Si cette sélection pose problème, c’est parce que, derrière ces principes apparemment transparents, se trouvent en fait des frontières implicites et infranchissables. Le philosophe et sociologue Pierre Bourdieu a profondément marqué les débats éducatifs, en dénonçant l’égalité républicaine comme une mythologie construite au service des puissants. Depuis 1789, pensons-nous, tout est possible pour chaque individu selon son talent et son mérite : mais les statistiques nous démentent. L’abolition des privilèges n’a rien retiré aux « héritiers », et il suffit de regarder l’origine sociale des étudiants des grandes écoles pour se rendre compte que la reproduction des élites est plus efficace que jamais. Notre éducation ne mélange pas les classes sociales, au contraire : elle les fige. Dans cette perspective, la « sélection au mérite » n’est qu’une manière de donner une apparence de légitimité aux possédants de demain, qui pourront dire – et se dire – que leurs privilèges sont mérités, puisque le meilleur a gagné. Mais cette fiction ne résiste pas à l’expérience, qui montre que les jeux sont presque toujours faits d’avance… C’est cette expérience cruelle que font aujourd’hui des bataillons d’élèves de Seine-Saint-Denis, dont même les meilleurs sont refusés dans des formations qui acceptent pourtant des candidats moins bien classés, mais venus des lycées du centre de Paris.
Le problème que pose la critique de Bourdieu, c’est qu’elle ne conduit à aucune solution positive : elle ne produit qu’un ressentiment qui, pour n’être pas infondé, n’est pas fécond pour autant.

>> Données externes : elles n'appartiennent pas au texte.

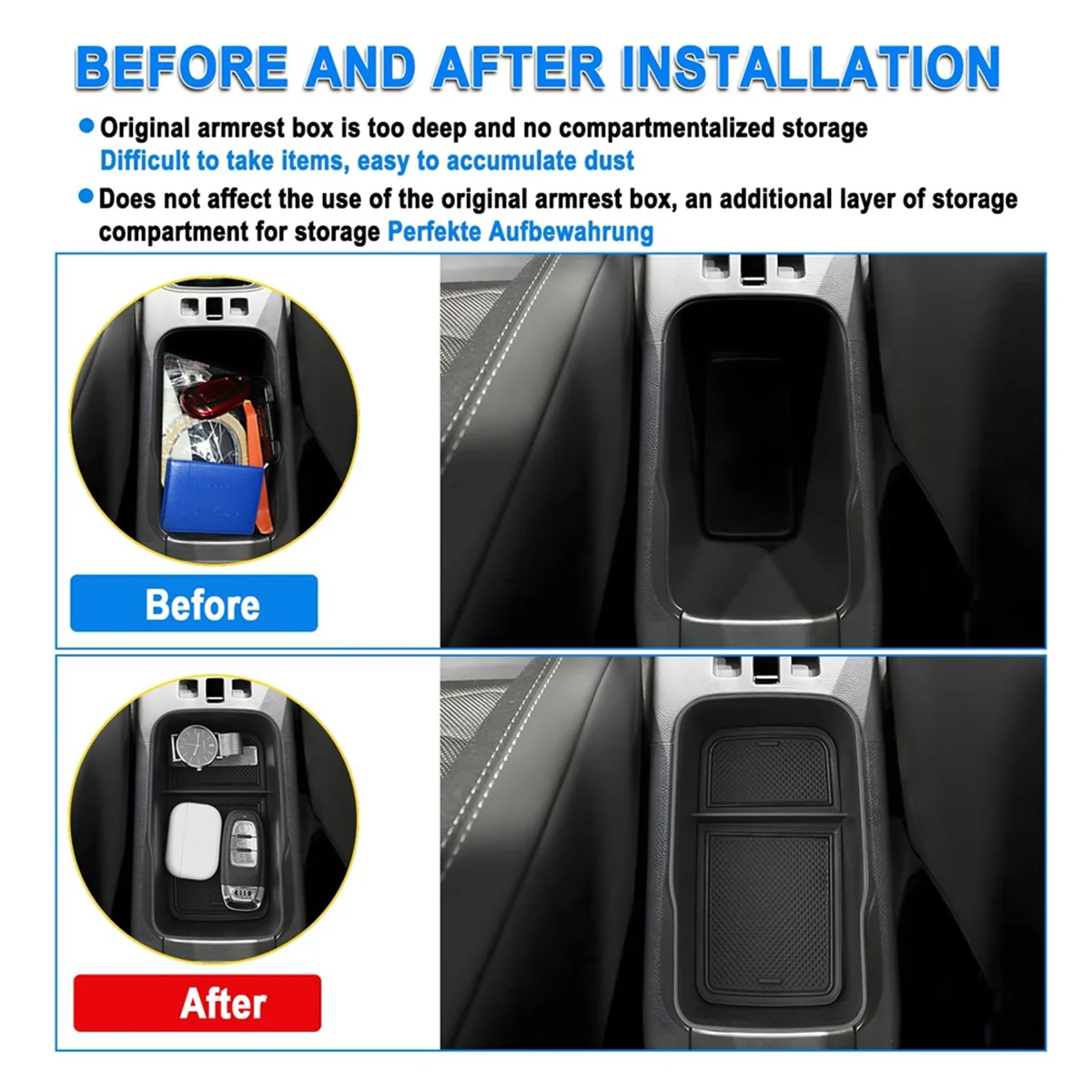 지프 어벤저 EV 2023 2024 글러브 박스, 센터 콘솔 오거나이저 팔걸이 보관 박스 트레이, 인테리어 액세서리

Il n’est pas facile, bien sûr, de faire vraiment droit au talent et au mérite ; mais sur quels autres principes une société pourrait-elle légitimement s’organiser ? La dénonciation de la ségrégation sociale par l’école est une exigence de justice ; et ce faisant, elle plaide, souvent sans le vouloir, pour une authentique sélection. Car comme le remarquait déjà Platon, la justice ne saurait consister à donner la même chose à tous – à celui qui a beaucoup travaillé autant qu’à celui qui n’a rien fait. En tentant de s’ajuster au mérite de chacun, une proposition éducative plus juste a aussi l’avantage de nous pousser à réaliser le meilleur de nous-mêmes.
Encore faut-il pour cela que chaque élève puisse en avoir les moyens. Le libéral Hayek, en dénonçant « le mirage de la justice sociale », reconnaît pourtant que la société peut se rendre coupable d’une injustice grave, si elle n’assure pas par l’école une véritable égalité dans l’accès à l’éducation. L’enfant n’a pas la mobilité de l’adulte pour évoluer dans la société : elle a donc le devoir de le rejoindre, quel que soit son milieu social d’origine, pour lui apporter la culture sans laquelle aucun talent ne s’accomplit. Il est donc impossible de défendre la sélection sans nous engager en même temps pour reconstruire une école qui offre à tous le meilleur.